Short text fragments from websites
_ _ _

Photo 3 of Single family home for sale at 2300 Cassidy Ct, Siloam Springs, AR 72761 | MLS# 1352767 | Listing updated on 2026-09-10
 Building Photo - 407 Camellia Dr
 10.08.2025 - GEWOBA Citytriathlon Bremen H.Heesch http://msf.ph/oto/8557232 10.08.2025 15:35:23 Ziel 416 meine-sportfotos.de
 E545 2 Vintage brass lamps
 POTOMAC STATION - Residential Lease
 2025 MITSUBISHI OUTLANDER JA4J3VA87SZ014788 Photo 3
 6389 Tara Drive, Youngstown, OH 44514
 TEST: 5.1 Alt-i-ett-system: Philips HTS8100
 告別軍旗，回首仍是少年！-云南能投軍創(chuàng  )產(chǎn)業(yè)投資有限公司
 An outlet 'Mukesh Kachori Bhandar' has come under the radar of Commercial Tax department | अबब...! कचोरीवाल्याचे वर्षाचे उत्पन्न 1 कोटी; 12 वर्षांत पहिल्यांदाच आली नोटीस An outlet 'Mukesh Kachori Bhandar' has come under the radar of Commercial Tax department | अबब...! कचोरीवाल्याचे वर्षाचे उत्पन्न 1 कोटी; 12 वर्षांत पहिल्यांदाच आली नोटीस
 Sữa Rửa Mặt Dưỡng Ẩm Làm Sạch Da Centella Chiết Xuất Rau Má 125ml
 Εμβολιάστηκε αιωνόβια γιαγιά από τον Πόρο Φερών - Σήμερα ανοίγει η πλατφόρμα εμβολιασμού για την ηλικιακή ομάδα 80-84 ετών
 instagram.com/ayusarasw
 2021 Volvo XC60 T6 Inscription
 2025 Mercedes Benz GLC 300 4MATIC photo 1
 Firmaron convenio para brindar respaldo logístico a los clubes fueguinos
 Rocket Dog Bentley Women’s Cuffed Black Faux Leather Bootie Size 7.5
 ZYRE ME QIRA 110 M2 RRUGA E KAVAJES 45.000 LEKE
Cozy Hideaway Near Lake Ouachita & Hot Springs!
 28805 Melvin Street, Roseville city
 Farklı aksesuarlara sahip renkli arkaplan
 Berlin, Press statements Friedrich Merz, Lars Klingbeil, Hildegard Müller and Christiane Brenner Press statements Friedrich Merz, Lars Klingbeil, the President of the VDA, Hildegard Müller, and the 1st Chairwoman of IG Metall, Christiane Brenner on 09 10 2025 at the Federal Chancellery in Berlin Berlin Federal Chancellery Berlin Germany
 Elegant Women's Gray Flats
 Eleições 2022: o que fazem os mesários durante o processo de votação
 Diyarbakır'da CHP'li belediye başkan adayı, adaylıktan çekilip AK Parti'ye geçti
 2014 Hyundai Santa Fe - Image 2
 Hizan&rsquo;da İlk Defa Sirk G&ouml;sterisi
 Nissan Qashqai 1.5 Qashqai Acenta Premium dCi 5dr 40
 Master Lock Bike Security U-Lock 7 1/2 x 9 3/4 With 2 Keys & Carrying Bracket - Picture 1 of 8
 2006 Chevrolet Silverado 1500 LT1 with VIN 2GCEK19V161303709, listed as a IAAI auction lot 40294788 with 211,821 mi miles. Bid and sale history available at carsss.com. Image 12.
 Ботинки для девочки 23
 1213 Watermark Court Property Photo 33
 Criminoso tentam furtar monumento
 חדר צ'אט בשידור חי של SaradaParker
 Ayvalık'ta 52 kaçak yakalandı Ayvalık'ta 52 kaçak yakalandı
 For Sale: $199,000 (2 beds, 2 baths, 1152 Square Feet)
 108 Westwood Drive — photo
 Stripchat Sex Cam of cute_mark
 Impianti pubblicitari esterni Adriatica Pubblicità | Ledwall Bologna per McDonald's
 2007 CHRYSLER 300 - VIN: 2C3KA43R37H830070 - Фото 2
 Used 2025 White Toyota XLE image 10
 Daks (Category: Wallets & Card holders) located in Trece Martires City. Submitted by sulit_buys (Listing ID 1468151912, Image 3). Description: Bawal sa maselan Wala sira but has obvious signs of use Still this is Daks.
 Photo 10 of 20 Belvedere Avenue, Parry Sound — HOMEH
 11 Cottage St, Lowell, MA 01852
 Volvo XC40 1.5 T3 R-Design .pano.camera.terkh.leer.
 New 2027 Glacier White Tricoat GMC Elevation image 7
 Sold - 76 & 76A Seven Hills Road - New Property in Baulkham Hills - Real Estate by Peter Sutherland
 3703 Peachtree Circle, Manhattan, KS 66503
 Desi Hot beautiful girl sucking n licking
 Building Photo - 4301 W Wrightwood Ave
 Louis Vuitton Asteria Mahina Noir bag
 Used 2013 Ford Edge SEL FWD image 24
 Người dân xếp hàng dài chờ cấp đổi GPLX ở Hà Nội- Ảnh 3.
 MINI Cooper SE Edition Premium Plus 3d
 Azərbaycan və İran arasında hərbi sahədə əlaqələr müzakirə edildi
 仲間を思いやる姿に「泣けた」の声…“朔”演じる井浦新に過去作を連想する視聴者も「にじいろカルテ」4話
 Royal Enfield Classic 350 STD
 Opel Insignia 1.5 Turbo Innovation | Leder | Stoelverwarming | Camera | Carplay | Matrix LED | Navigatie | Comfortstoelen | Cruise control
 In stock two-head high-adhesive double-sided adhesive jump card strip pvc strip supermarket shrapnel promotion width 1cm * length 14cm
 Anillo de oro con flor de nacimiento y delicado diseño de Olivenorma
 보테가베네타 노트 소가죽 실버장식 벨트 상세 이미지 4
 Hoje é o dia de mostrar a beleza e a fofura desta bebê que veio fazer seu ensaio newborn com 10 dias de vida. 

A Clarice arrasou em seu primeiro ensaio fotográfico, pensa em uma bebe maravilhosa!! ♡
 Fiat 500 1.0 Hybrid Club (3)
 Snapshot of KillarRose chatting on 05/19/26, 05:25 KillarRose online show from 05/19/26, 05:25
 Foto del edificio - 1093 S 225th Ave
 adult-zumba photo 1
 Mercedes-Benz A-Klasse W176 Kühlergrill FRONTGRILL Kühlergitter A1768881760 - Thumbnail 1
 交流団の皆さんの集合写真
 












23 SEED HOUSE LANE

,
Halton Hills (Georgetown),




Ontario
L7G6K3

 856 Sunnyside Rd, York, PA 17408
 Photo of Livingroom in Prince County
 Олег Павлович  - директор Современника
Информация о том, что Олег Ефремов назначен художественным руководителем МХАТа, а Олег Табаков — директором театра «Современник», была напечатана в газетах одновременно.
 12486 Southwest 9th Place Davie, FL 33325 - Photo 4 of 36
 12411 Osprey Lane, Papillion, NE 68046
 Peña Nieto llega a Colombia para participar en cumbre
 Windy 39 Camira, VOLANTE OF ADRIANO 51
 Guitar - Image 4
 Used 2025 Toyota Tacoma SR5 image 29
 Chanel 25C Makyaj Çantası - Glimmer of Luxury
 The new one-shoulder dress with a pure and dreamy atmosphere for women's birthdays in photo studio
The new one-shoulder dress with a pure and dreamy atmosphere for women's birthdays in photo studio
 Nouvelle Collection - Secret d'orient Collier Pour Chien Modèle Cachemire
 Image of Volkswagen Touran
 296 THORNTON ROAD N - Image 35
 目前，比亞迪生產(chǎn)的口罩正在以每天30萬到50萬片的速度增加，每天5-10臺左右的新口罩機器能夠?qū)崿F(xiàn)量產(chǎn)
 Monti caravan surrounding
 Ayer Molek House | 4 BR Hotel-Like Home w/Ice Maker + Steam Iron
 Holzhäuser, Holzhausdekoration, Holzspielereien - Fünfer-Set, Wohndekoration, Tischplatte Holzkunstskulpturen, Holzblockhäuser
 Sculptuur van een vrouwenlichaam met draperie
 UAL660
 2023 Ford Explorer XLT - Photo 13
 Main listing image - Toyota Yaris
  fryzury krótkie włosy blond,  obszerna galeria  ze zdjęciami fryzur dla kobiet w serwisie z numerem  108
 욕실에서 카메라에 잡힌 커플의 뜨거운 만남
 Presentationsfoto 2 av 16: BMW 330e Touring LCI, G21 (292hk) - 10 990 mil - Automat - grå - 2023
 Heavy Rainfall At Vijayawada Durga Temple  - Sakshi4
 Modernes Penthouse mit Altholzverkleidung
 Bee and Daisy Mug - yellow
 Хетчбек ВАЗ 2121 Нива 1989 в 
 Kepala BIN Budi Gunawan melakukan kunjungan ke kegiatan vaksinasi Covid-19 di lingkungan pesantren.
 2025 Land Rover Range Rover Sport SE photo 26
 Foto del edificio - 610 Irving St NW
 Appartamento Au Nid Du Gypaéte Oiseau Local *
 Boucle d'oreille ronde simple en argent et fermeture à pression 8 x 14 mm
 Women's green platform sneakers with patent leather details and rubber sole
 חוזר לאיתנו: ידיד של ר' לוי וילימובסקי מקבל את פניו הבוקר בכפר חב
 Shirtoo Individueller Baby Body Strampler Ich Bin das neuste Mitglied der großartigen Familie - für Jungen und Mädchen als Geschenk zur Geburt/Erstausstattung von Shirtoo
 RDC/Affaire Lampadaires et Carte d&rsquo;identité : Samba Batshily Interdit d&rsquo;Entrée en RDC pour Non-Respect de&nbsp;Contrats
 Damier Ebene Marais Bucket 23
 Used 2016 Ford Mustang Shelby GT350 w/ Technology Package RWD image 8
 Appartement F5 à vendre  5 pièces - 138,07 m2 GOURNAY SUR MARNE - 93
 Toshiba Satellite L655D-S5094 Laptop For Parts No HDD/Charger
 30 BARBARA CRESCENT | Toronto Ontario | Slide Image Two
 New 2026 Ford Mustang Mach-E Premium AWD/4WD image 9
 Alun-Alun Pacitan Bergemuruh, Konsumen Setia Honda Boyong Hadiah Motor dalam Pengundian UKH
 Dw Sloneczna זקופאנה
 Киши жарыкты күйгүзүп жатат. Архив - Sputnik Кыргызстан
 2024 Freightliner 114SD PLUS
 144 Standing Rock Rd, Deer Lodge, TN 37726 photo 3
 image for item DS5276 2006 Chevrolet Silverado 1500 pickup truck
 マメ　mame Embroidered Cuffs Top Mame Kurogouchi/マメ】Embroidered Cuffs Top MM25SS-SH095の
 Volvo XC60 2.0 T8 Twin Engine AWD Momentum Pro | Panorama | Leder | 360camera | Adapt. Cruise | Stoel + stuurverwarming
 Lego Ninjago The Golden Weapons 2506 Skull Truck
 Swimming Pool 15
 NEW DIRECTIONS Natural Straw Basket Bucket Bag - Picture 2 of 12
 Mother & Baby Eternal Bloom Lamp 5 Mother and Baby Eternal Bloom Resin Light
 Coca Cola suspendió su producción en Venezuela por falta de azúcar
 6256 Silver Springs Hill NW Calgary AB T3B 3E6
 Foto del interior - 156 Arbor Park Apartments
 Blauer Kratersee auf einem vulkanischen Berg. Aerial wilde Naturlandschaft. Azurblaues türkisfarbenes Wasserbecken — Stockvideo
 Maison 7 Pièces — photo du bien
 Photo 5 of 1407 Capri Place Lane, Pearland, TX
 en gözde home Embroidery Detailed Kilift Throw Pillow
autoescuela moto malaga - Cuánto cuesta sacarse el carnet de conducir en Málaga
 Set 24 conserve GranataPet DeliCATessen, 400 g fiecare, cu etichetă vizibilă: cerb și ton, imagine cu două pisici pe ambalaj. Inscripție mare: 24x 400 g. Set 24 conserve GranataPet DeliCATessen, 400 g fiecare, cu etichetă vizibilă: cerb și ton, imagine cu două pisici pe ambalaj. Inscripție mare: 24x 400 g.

_ _ _

Activity
For the lines above, output exactly those from the line containing "ZYRE ME QIRA" through the line containing "Eleições 2022: o", and skip the others.

Written answer
 ZYRE ME QIRA 110 M2 RRUGA E KAVAJES 45.000 LEKE
Cozy Hideaway Near Lake Ouachita & Hot Springs!
 28805 Melvin Street, Roseville city
 Farklı aksesuarlara sahip renkli arkaplan
 Berlin, Press statements Friedrich Merz, Lars Klingbeil, Hildegard Müller and Christiane Brenner Press statements Friedrich Merz, Lars Klingbeil, the President of the VDA, Hildegard Müller, and the 1st Chairwoman of IG Metall, Christiane Brenner on 09 10 2025 at the Federal Chancellery in Berlin Berlin Federal Chancellery Berlin Germany
 Elegant Women's Gray Flats
 Eleições 2022: o que fazem os mesários durante o processo de votação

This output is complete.